As I mentioned in a comment a few weeks ago, the Early System Work Agreement requires a refund. It reads, “If an applicant does not carry out the project for reasons within the control of the applicant, the applicant shall repay all government payments made under the work agreement plus reasonable interest and penalty charges the Secretary establishes in the agreement.”

FTA officials have reiterated this stance in various statements to the press.”Gov. Christie’s decision to renege on that contract and abandon the project is what now requires us to insist on the return of federal funds expended under the ESWA,” FTA Administrator Peter Rogoff said. This is codified at law as 49 U.S.C. § 5309(g)(3)(B)(iv).

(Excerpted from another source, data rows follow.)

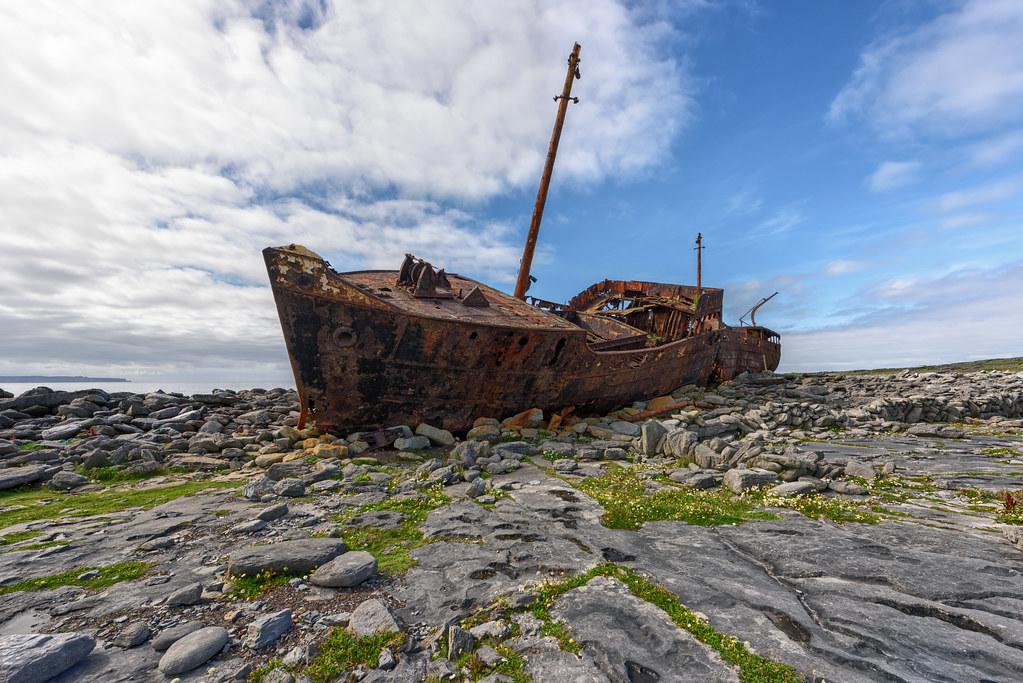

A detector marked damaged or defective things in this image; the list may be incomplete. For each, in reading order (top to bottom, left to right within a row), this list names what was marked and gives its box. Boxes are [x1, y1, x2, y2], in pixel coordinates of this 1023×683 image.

rusty shipwreck [264, 42, 784, 432]
corroded hull [266, 247, 784, 432] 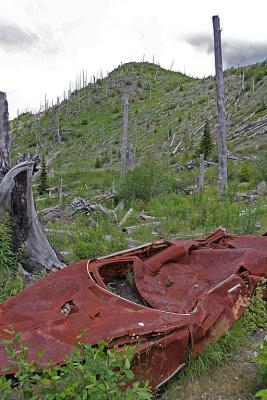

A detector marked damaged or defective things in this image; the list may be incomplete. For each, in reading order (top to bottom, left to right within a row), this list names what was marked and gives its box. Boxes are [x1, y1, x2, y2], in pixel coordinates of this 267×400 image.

crumpled sheet metal [0, 230, 266, 390]
rusted car body [0, 230, 266, 390]
peeling red paint [0, 230, 266, 390]
rusty metal panel [0, 230, 266, 390]
rusted car wreck [0, 230, 267, 390] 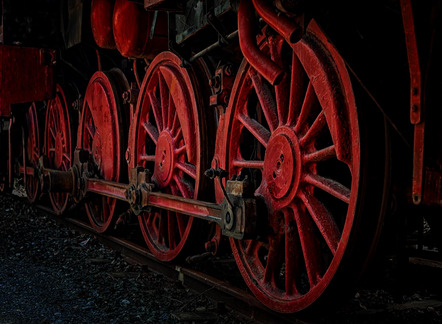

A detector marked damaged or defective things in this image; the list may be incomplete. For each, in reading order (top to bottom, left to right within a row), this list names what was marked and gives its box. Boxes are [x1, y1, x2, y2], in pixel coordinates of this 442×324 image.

rusty metal surface [0, 45, 54, 116] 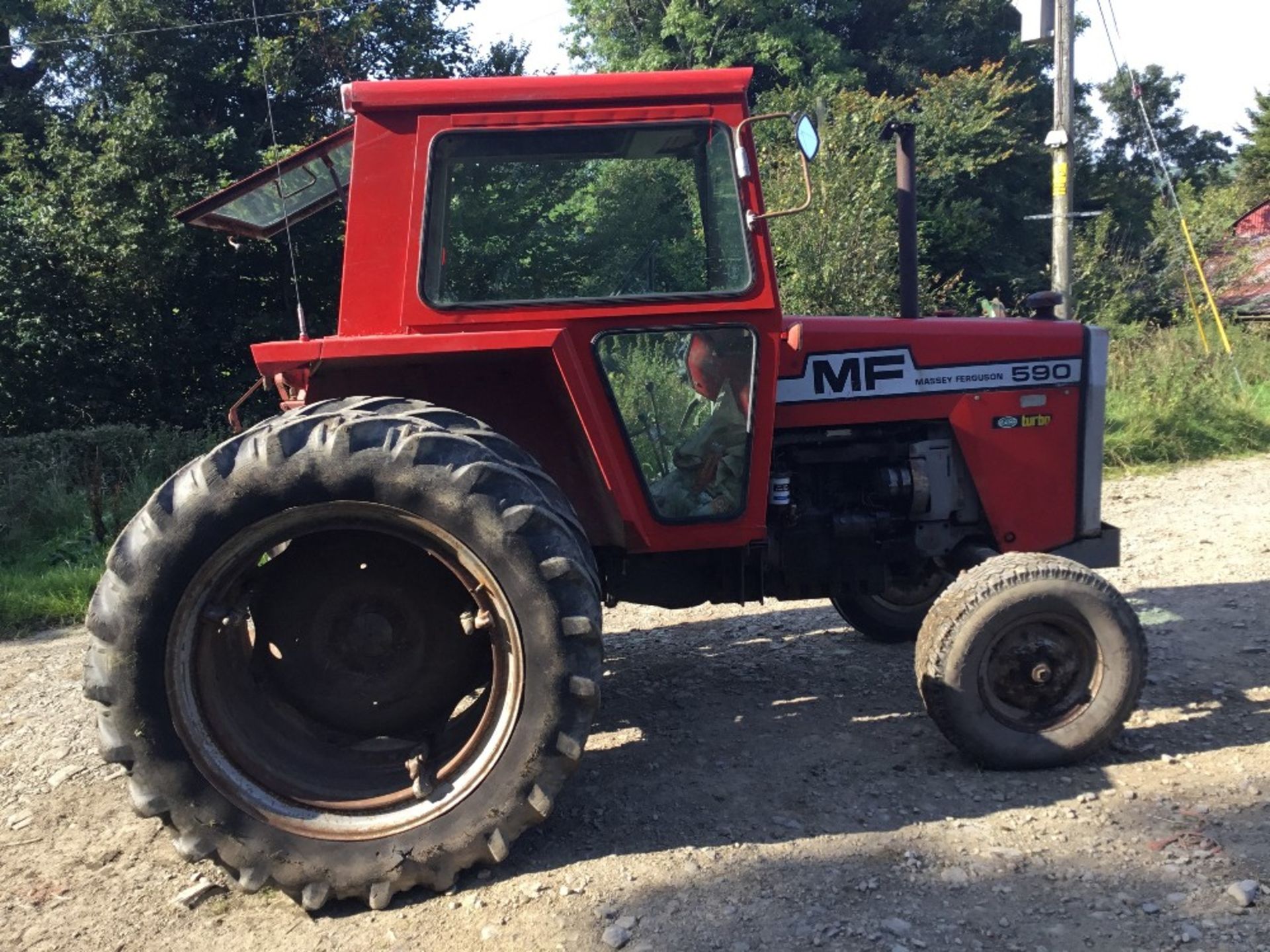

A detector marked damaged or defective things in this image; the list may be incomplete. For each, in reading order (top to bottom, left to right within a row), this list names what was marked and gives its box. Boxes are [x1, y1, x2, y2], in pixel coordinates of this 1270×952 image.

rusty wheel rim [166, 502, 524, 836]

Christie, meanwhile, continues to dispute this claim and alleges that the federal government is only selectively enforcing the refund provision. “We don’t think we have to pay any of that money back because, in fact, the Obama administration and previous administrations have selectively enforced when they asked for the money back,” the governor said last week. “And I’m not going to allow them to say, ‘Hey, New Jersey has a Republican governor, so we’ll get the money back from them, so states where we have Democratic governors, we don’t ask for the money back.”

As the AP noted, though, the Rochester project which Christie has cited more than once relied on a different funding mechanism. New Jersey pushed for an Early System Work Agreement in January, and it’s going to have to live with that choice even if it means refunding the feds a few hundred million. That’s just contract law.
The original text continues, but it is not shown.